Neulich las ich irgendwo „Ist Tamdhu der neue Macallan?“.
Hmm....Macallan bleibt natürlich immer Macallan, mit all seinen Vor- und Nachteilen: Gruselige junge Drams, ordentliche im mittleren Alter, saustarke alte Abfüllungen. Jede Menge Sherry, jede Menge Eiche, aber vor allem mit Preisen jenseits von gut und böse.
Kann und will Tamdhu in einer ähnlichen Liga spielen?
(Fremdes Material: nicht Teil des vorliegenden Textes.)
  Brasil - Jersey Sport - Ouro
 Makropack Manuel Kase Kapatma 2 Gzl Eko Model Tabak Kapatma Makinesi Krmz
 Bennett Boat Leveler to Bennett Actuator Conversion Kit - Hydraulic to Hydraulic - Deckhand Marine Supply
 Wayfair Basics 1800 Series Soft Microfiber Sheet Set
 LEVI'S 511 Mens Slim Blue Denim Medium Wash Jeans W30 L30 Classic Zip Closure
Preislich sind sie leider seit der Wiedereröffnung 2012 auf einem guten Weg und haufenweise gute Sherryfässer sind auch im Einsatz. Ansonsten aber glaube ich persönlich, dass Tamdhu trotz der unmittelbaren Nähe zu Macallan, zumindest was die Lage und die Reifung angeht, diesem auf lange Sicht nicht allzu sehr ähneln wird. Tamdhu hat durchschnittlich große Wash Stills und sehr, sehr große Spirit Stills. Macallan hat dagegen sehr große Wash Stills und geradezu winzige Spirit Stills. Das entstehende Destillat ist also ein völlig anderes, was dafür sorgt, das Macallan lange liegen muss, damit seine Fehlnoten vom Eichenfass aufgefangen werden, während Tamdhu auch nach kurzer Lagerung schon sehr rund und gefällig daherkommt, sich dafür im Alter aber nur noch wenig weiterentwickelt.
Das ist natürlich keine wissenschaftliche Analyse sondern eher gefährliches, hergeleitetes Halbwissen verbunden mit empirischer Wahrnehmung aus meinen bisherigen Macallan/Tamdhu-Versuchen, aber besser kann ich es halt nicht.
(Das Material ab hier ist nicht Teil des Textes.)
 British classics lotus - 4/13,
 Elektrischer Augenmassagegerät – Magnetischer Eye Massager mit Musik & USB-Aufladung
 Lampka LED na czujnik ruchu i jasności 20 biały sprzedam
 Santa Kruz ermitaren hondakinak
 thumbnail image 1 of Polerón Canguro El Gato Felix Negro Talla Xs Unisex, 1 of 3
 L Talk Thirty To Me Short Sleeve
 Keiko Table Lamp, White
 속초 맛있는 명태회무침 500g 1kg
Dank deinwhisky.de habe ich gerade ein Sample des ersten originalen Single Casks von Tamdhu im Glas, welches von
deinwhisky.de
exklusiv für Deutschland abgefüllt wurde: ein dreizehnjähriger Tamdhu aus einem First Fill Oloroso Hogshead in Fassstärke. Ob der Whisky selber exklusiv ist, vermag ich noch nicht zu sagen, aber der Preis mit 169 € für einen dreizehnjährigen Dram ist es in jedem Fall.
Aroma:
Beim Schwenken im Glas wird der herbstfarbene Dram bereits sehr ölig und schwer, was auch eine erste Geruchsprobe bestätigt: jede Menge fruchtige Kraft angeführt von Pflaumen und weißen Trauben verbunden mit Eichenwürze steigen aus dem Glas hervor. Ob der starken Süße, die der Dram mit der Zeit entwickelt, fühle ich mich kurzzeitig sogar an ein Sauternesfinish erinnert, bis sich zusätzlich noch eine Karamellnote und Zitrusfrüchte dazugesellen. Kurzzeitig findet meine Nase auch ein wenig Gewürznelke, die aber nur bei starker Handwärme rauskommt.
Geschmack:
Im ersten Moment wie ein Sherry mit 60% Alkohol: süß, fruchtig, scharf, pfeffrig und weiterhin mit einer ordentlichen, aber noch angenehmen Portion Eichenwürze. Noten aus Kaffee und dunkler Schokolade sowie Nüssen und Pflaumen gesellen sich hinzu. Der ist selbst für jemanden wie mich, der absolut fassstärkenversaut ist, eine ordentliche Herausforderung auf der Zunge. Mit ein paar Tropfen Wasser verschwinden Eiche und Schärfe sehr deutlich, dafür kommen Kirschen, Trauben und vor allem Nüsse raus und machen den Dram sehr süffig.
Abgang:
Dunkle Schokolade, dunkle Früchte und ordentlich Eiche verbleiben etwa mittellang am Gaumen. Ganz am Ende bleibt einfach Sherry auf der Zunge liegen. Daran ändert sich auch mit Wasser nicht viel, zum Sherry gesellt sich allerdings eine leichte Schärfe.
Fazit:
Das First Fill Oloroso Hogshead hat hier ganze Arbeit geleistet und den Tamdhu ganz ordentlich beeinflusst, was bei dessen grundsätzlich eher mildem Destillat aber auch zu erwarten ist. Der Sherryeinfluss sorgt für eine sehr schöne Nase, aber die Schärfe auf der Zunge reißt den Dram ein bisschen rein. Ein paar Tropfen Wasser machen die Nase deutlich weniger gehaltvoll, den Whisky dafür aber wunderbar süffig und nussig. Probieren sollte man den Whisky allein aufgrund seiner schönen Nase und seiner Komplexität auf jeden Fall mal, aber zumindest für mich ist er die aufgerufenen 170 € dann doch nicht wert - Dazu bin ich zu wenig Sherrybombenliebhaber.